R.E.S.P.E.C.T: Find out what it means to me.........

Yes mam, No mam, Yes sir, No sir, please, thank you, your welcome, and even Mr. and Mrs. What do all of these phrases, terms, words have in common? They are all terms that signify some level of respect and kindness. Unfortunately, they are also terms that seem to be becoming obsolete. When I was a child, my grandparents would have skinned me alive if I didn't use these phrases. For example, my calling their next door neighbor Doris versus Mrs. Slaughter (no, really this was her name and believe me this was one woman you did not want to tangle with under any circumstance) pretty much ensured that not only was I going to get a lecture from the neighbor but a severe tanning on my backside from my grandmother. As a side note, let me just say that according to today's standards, I suffered darn near child abuse when I was smaller. Do you think I ever once seriously considered calling child protective services? That's right, say it with me people, Nooooooooo! If I did, I wouldn't be here typing this post today. Ok back to the blog, the past rash of rude behavior that has occurred in the last week has been painful to watch. Even sadder is that the actions of Serena Williams, Joe Wilson, and Kanye West are just a snapshot of the lack of respect that occurs every minute of every single day in this country.



Now, I believe in free speech just like the next person. I also believe that people are ultimately responsible for their own actions and will have to answer for them one day (more on that in another blog), but when your speech and actions infringe on someone else's civil liberties, then Houston, we have a problem! More importantly, the individuals named in the above paragraph are in the public eye which means our children are watching them. Therefore, what does it say to little "George" when Serena Williams is cursing out a judge in the middle of a game? Does "George" think it's ok to talk back to his teacher when something doesn't go his way at school? or is it ok to call the principle a jerk to his face because Joe Wilson called the president a liar? Ultimately, it is up to each individual parent to explain why such actions are wrong and to explain why they won't be tolerated. However, we aren't doing an overall good job of teaching and displaying respect to our children, and let me just say that this isn't a problem that lies along racial lines. I am just as disgusted by a young black teen who has his pants hanging down around his knees as I am by the young white teen who curses at his mother in the middle of the store.

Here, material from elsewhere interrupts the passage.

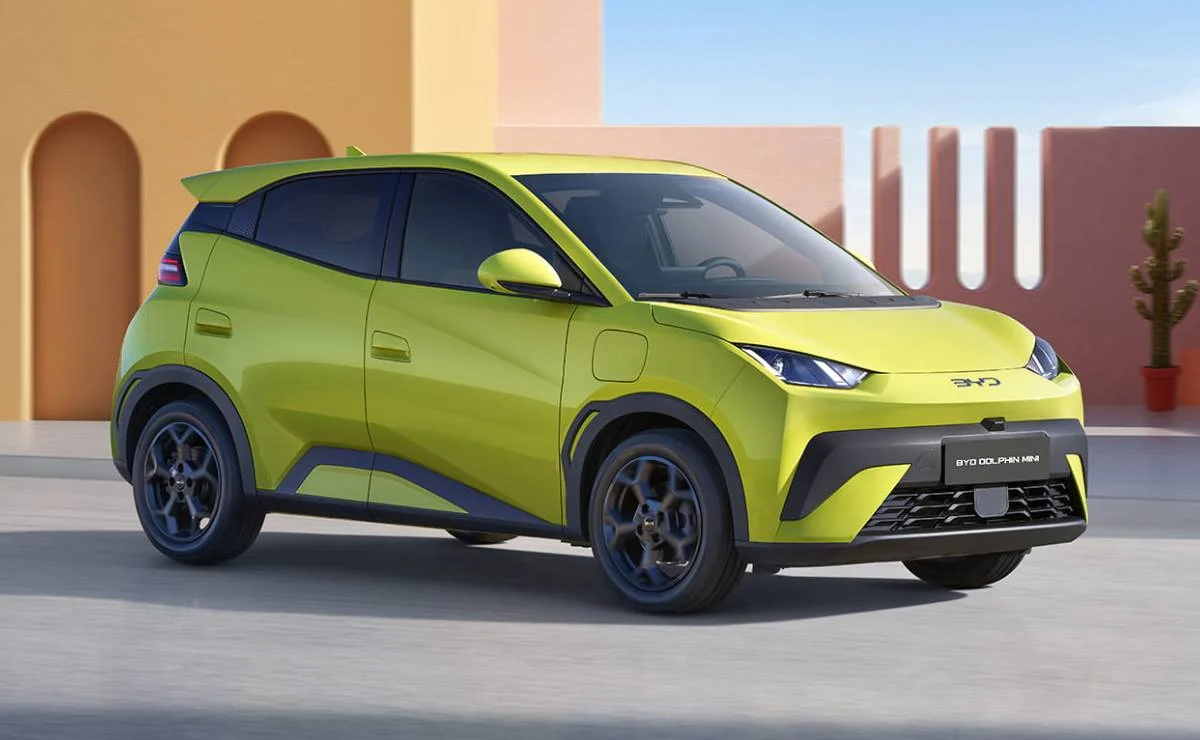 BYD Dolphin Mini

I look at the different generations around me including my own, and I often ask myself the question: who got it right? I can't help but think that the people in my parent's generation (Baby Boomers) lost their way when it comes to this whole idea of teaching respect (I am not saying each and every last Baby Boomer got it wrong, only the generation as a whole). In my earlier example, I said my grandparent's would have meted out punishment for my apparent lack of disrespect. You see, in my grandparent's generation calling an elder by his/her first name was offensive. My parents also didn't tolerate a lack of respect. However, for the Baby Boomers, I often feel like it was more about not being embarrassed by the fact that their children lacked manners. It was more about how other people saw them as parents. Our grandparents didn't care as much about how other people saw them (although, ultimately no one wanted to be the topic of gossip at the church bake sale or fish fry); they cared more about how we saw other people. Ultimately the question for them was: did we understand that we were not then nor would we ever be on our elders level? Baby Boomers were wonderful parents in that they were able to give their children so much more than they themselves ever had, yet in some ways so many of us in generation X and Y received so much less.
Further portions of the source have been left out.